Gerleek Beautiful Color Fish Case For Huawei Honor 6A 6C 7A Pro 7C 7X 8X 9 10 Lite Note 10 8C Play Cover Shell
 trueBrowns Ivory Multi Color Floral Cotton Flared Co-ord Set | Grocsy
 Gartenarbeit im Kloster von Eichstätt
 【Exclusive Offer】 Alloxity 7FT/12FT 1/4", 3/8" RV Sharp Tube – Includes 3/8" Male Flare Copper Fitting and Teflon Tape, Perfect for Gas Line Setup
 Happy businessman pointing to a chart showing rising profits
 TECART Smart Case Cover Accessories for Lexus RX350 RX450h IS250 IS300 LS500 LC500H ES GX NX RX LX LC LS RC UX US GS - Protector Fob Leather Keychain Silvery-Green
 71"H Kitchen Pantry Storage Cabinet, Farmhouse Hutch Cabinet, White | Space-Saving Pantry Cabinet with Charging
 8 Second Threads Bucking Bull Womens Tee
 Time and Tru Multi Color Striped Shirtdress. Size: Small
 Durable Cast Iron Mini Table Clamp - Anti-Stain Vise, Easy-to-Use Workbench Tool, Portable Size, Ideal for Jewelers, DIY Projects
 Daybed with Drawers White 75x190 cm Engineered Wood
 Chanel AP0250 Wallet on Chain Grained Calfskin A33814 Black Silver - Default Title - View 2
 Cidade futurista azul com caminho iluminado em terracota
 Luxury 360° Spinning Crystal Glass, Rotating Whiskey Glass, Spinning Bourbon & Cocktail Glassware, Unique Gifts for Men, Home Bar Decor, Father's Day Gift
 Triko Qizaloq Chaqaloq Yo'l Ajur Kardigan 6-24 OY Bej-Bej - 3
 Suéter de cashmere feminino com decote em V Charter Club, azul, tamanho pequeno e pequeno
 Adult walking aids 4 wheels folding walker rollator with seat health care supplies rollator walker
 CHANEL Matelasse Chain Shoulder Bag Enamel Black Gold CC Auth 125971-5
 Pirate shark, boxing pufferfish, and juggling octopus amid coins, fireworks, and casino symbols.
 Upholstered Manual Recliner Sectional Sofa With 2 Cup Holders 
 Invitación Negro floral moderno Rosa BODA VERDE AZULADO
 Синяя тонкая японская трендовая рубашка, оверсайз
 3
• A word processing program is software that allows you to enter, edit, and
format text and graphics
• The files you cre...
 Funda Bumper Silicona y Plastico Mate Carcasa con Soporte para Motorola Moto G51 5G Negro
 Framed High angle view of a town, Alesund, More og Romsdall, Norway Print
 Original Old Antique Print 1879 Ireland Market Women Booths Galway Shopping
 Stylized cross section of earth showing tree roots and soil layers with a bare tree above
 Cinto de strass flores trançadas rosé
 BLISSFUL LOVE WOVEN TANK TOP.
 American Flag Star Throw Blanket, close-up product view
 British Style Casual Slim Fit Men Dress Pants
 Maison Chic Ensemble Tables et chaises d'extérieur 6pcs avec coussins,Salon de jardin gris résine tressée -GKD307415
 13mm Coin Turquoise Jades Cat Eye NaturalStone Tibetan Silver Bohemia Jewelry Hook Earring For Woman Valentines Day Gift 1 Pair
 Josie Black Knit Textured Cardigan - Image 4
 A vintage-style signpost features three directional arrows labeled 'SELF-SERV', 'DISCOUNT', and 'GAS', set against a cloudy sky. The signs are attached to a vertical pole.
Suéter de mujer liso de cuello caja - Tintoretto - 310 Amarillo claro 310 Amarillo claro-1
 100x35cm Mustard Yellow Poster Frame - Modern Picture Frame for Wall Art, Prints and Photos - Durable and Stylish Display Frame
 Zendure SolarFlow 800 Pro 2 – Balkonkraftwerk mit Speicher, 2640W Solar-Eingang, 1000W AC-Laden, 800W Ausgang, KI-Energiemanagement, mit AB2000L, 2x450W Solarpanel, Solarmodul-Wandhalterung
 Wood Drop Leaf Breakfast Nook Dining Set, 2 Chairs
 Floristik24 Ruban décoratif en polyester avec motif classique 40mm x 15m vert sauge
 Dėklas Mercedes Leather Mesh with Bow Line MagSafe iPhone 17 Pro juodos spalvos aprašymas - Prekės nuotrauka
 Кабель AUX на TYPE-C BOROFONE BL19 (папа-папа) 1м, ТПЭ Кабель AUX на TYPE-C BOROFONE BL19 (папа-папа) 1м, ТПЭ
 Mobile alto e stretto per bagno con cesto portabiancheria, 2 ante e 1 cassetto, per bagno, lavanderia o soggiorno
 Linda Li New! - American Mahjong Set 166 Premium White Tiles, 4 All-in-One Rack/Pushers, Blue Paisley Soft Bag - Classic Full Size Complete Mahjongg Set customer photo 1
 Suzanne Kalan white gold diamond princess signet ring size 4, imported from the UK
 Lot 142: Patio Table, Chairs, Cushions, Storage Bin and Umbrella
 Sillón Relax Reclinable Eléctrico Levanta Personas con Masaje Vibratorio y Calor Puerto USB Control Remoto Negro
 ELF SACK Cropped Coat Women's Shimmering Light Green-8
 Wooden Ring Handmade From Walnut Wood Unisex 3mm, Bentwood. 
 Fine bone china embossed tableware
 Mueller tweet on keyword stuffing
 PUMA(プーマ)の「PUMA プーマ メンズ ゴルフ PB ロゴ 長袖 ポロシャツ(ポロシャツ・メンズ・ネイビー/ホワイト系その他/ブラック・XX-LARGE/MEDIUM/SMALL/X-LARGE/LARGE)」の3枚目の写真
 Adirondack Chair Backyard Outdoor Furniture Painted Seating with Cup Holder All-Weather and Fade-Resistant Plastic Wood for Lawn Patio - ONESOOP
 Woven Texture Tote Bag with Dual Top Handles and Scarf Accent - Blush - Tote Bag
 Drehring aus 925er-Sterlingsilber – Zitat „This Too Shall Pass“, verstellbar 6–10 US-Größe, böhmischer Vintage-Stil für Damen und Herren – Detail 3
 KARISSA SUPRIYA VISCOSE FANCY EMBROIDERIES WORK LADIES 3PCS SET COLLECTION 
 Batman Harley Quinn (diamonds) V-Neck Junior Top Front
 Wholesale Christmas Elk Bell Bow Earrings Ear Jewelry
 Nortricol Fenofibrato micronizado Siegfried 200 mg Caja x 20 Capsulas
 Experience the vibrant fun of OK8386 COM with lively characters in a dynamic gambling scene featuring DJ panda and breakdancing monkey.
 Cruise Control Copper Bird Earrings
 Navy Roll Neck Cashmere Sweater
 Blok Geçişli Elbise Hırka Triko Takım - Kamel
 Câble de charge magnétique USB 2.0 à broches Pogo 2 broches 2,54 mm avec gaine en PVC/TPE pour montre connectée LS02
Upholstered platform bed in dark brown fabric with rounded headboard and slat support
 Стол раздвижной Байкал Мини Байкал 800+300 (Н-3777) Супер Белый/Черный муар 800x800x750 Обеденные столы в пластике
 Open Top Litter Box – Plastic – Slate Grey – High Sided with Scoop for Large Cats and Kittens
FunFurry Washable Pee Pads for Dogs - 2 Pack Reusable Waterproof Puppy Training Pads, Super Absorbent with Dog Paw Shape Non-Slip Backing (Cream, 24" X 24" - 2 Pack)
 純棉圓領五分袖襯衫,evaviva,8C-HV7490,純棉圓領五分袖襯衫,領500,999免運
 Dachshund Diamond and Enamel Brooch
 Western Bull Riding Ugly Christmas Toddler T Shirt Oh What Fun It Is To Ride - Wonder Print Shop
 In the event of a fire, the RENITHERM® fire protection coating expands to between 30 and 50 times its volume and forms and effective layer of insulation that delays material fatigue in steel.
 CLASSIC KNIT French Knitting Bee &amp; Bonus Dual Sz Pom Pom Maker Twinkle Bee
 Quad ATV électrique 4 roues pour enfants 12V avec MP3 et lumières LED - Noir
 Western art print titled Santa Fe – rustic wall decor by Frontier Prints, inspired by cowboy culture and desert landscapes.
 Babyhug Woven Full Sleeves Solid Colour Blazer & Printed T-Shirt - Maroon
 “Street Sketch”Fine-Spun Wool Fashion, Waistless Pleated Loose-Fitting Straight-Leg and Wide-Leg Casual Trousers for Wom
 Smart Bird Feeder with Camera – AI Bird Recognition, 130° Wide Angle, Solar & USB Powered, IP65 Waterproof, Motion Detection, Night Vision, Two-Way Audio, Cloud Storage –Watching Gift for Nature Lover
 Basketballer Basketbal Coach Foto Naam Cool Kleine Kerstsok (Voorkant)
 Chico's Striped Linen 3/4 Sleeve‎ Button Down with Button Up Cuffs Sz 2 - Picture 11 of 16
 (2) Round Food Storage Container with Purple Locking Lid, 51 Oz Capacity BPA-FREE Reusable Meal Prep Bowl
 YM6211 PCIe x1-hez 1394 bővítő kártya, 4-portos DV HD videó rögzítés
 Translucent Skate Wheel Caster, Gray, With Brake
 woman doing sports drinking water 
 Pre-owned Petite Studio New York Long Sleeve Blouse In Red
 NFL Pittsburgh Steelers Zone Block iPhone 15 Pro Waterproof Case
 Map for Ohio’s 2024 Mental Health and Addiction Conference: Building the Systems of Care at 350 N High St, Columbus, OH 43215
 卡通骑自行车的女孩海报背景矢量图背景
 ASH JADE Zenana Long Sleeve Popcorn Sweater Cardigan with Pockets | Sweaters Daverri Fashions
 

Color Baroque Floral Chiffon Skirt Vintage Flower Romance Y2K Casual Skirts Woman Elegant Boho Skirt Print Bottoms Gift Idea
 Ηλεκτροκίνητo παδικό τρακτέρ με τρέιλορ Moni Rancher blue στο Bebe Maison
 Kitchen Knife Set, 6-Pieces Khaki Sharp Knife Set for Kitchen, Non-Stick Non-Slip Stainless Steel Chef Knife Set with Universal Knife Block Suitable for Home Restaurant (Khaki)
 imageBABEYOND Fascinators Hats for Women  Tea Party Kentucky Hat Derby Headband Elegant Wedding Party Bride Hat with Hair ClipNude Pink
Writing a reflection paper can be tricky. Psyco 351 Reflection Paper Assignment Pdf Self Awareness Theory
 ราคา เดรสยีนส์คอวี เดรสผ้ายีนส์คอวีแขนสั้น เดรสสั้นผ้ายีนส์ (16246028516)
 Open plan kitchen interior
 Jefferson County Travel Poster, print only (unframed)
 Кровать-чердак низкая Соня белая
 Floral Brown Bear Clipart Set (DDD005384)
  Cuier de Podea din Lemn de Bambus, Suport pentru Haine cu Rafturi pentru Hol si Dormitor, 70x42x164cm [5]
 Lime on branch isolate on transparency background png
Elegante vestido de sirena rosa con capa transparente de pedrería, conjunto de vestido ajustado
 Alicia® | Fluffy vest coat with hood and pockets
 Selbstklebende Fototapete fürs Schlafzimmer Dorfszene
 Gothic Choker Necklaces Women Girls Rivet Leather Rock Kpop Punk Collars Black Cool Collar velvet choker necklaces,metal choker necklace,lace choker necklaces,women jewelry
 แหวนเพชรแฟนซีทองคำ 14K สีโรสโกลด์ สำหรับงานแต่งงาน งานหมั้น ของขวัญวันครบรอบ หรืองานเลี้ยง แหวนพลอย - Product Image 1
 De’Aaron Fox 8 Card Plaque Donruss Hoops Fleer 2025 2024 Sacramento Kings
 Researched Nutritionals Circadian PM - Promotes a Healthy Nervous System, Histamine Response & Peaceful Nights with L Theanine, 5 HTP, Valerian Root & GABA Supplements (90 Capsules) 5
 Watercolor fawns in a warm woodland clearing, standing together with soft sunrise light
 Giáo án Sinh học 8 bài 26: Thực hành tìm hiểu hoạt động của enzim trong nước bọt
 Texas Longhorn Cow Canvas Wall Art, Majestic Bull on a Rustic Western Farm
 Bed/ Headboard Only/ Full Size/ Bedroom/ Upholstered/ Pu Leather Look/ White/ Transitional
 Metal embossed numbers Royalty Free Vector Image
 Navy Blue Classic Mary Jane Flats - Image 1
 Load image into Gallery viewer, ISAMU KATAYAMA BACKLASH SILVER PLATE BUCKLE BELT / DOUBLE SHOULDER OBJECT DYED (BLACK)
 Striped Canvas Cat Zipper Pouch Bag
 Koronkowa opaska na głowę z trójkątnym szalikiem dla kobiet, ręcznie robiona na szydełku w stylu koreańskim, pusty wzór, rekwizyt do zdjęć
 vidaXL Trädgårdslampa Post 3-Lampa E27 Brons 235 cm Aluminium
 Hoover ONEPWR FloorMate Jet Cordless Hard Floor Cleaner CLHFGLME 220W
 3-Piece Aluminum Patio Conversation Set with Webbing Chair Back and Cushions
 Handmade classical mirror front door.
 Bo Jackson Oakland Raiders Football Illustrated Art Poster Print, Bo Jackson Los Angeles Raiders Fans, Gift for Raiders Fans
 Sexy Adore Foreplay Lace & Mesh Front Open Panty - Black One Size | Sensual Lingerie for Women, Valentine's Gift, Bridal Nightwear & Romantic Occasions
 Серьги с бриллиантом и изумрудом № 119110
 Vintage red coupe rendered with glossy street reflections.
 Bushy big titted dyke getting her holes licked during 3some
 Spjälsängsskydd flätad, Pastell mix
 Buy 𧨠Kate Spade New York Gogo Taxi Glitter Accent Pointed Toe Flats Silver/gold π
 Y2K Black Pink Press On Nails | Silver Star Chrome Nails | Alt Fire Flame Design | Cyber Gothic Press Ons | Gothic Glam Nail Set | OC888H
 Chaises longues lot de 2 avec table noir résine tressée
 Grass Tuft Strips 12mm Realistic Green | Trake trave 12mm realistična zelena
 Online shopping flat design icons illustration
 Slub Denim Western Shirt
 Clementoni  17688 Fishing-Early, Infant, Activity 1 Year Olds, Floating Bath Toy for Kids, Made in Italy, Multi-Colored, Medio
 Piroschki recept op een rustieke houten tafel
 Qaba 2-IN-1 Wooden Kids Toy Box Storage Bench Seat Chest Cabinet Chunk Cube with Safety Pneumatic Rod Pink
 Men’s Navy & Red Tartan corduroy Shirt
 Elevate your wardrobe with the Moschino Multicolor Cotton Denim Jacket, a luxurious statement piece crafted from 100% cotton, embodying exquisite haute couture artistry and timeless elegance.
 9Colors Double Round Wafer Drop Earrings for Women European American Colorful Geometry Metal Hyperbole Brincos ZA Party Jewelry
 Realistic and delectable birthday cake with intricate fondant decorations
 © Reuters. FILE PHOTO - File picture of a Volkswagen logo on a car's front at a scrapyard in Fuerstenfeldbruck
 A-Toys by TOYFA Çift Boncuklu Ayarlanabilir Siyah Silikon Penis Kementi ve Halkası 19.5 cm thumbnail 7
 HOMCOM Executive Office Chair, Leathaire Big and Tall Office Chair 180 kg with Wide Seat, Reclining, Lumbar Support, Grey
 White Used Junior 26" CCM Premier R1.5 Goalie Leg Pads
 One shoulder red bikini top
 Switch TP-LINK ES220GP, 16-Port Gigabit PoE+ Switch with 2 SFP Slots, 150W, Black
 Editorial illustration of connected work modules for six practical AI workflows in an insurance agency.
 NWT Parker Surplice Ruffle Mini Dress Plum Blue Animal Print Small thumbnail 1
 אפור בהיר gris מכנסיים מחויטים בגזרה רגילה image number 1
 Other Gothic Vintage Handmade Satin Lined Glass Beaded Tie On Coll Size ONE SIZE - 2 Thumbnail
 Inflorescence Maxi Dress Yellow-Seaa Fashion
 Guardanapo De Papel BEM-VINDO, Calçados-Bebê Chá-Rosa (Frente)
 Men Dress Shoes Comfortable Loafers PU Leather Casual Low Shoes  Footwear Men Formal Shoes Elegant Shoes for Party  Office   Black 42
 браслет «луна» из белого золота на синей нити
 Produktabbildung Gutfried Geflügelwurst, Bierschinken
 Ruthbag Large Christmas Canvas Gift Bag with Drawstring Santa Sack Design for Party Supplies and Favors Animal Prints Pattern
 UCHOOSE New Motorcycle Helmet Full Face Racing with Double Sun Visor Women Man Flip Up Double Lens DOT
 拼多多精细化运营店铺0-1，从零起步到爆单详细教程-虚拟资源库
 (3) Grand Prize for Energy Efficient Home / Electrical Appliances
..........
#### [WHAT YOU HAVE TO DO]
The lines to output run from the one containing "Guardanapo De Papel" through the last line of the records above; repeat them exactly and nothing more.

#### [SOLUTION TO THE PROBLEM]
 Guardanapo De Papel BEM-VINDO, Calçados-Bebê Chá-Rosa (Frente)
 Men Dress Shoes Comfortable Loafers PU Leather Casual Low Shoes  Footwear Men Formal Shoes Elegant Shoes for Party  Office   Black 42
 браслет «луна» из белого золота на синей нити
 Produktabbildung Gutfried Geflügelwurst, Bierschinken
 Ruthbag Large Christmas Canvas Gift Bag with Drawstring Santa Sack Design for Party Supplies and Favors Animal Prints Pattern
 UCHOOSE New Motorcycle Helmet Full Face Racing with Double Sun Visor Women Man Flip Up Double Lens DOT
 拼多多精细化运营店铺0-1，从零起步到爆单详细教程-虚拟资源库
 (3) Grand Prize for Energy Efficient Home / Electrical Appliances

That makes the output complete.